Monday, February 28, 2011

Crown Corporation salary burden

British Columbia has about 30 Crown Corporations, and these cost money. To put Crown Corporation growth into perspective, let's compare the situation in B.C. with Ontario and Alberta. Between 1990 and 2010, the number of bureaucrats employed in Crown Corporations fell by 16 per cent in Ontario, 64 per cent in Alberta, but grew at about 1 per cent in B.C.

What about the wage burden? In Ontario, the total wages paid to bureaucrats increased by 94 per cent between 1990 and 2010, but actually fell in Alberta, by 16.4 per cent. In B.C., however, the wage burden grew by a whopping 146 per cent.

Employment and Salary Change

Number of Employees
Salary Burden
Source: Statistics Canada

If we take a closer look at BC Crown Corporations, according to Statistics Canada data, total employment fluctuated between about 22,000 to 24,000 in the 1990's, then fell to about 18,000 in 2006, before it took off again and now sits back at about 22,000. 

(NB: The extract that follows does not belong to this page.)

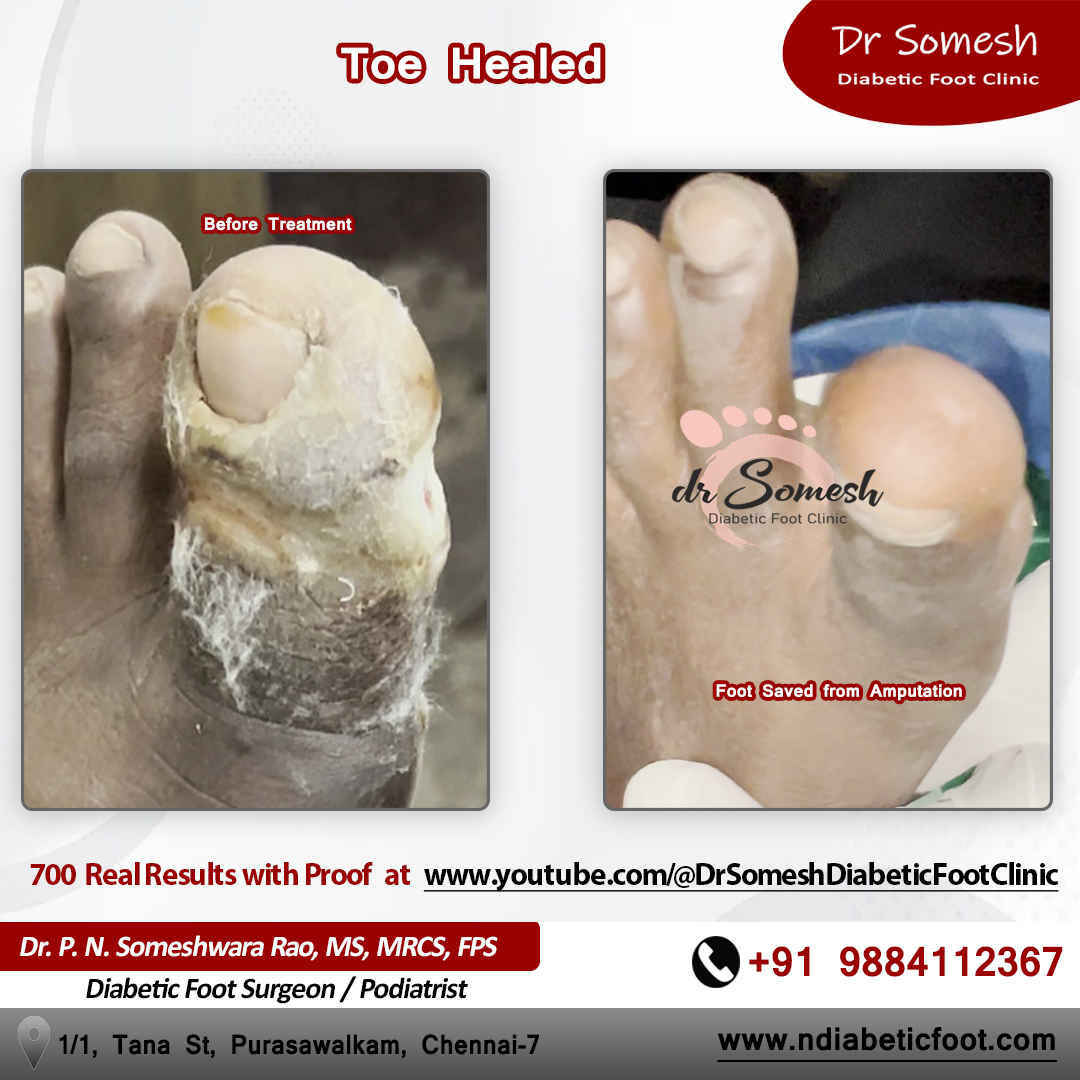 podiatrist chennai | diabetic foot ulcer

What about wages?  If we add up all the wages paid to bureaucrats at Crown Corporations, we get an idea of how much of a burden these crown corporations create for taxpayers. In B.C., the wage burden went up from about $650 million to about $1 billion between 1990 and 1997, then stayed fairly steady until 2008, when it took off to $1.6 billion.

BC Hydro pays huge salaries. At the moment, it is asking for a 50 per cent increase in electricity rates over the next five years to cover off increased costs, but why do we never hear about cost-savings measures? In 2010, Bob Elton, the former CEO, made almost $680,000 in salary and $40,000 in expenses. There, employees making over $75,000 per year account for more than 75 per cent of the total wage burden of about $570 million. If you are wondering why BC Hydro rates are going up, high and growing wage costs is one of the reasons.

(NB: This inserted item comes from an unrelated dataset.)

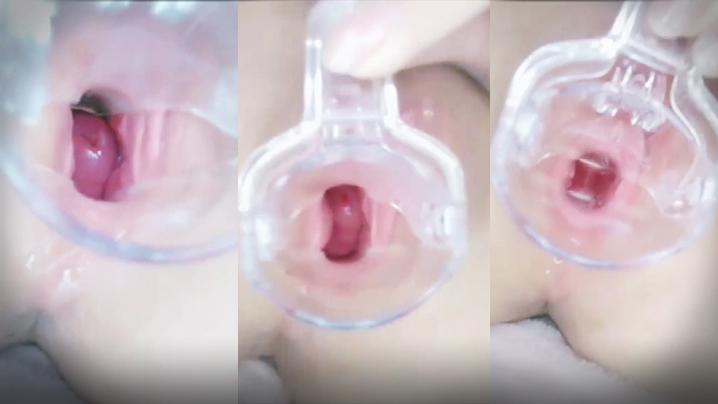 窥探骚穴让我们用工具把我的骚穴撑开看看里面张什么样子的都有些什么奥秘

Crown corporations don't face the discipline of a competitive marketplace, so costs go nowhere but up. It's time to get government out of the business of providing services better provided by the private sector.  Taxes just can't go any higher to pay for a system that is unaccountable and out of control.

Link to government sector pay

As I promised today during my regular Monday morning CFAX interview, this is the link to the executive salary disclosure statements of government sector organizations such as Crown Corporations.
Executive Compensation Disclosure

Friday, February 25, 2011

Crown Corporations you've never heard of

I commented last night on Global TV during Ted Chernecki's Dollars and Sense series. The comment outlined a much bigger problem - well-intentioned policies often have very destructive results. 

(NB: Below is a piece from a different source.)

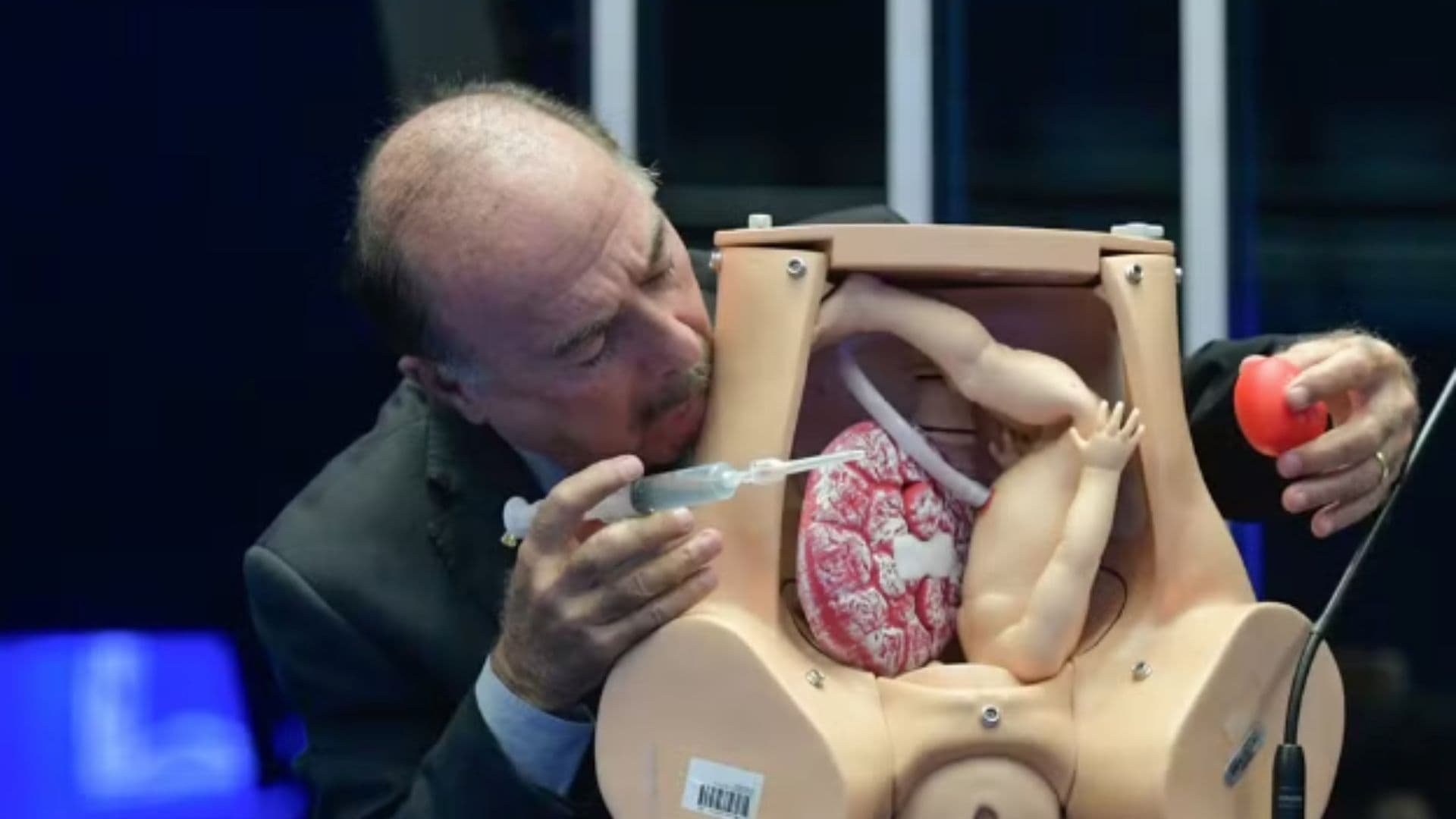 O presidente do CFM demonstra como é feito o aborto por assistolia fetal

What happens when government sees a problem? It tries to do something about it, and that something sometimes results in a new Crown Corporation.

One of those Crown Corporations is the First Peoples' Heritage, Language and Culture Council. This Crown has the mandate  to ensure aboriginal languages don't become extinct. I has been around for 20 years, spent about $1 million per year, and now, aboriginal languages are becoming extinct.

It is, of course, clamouring for more money. But will other peoples' money help save aboriginal languages in the future when it hasn't in the past?

It's time to judge policies by their results, not their intentions. If people truly value aboriginal languages, they have to take responsibility themselves. They can't pass responsibility off onto someone else.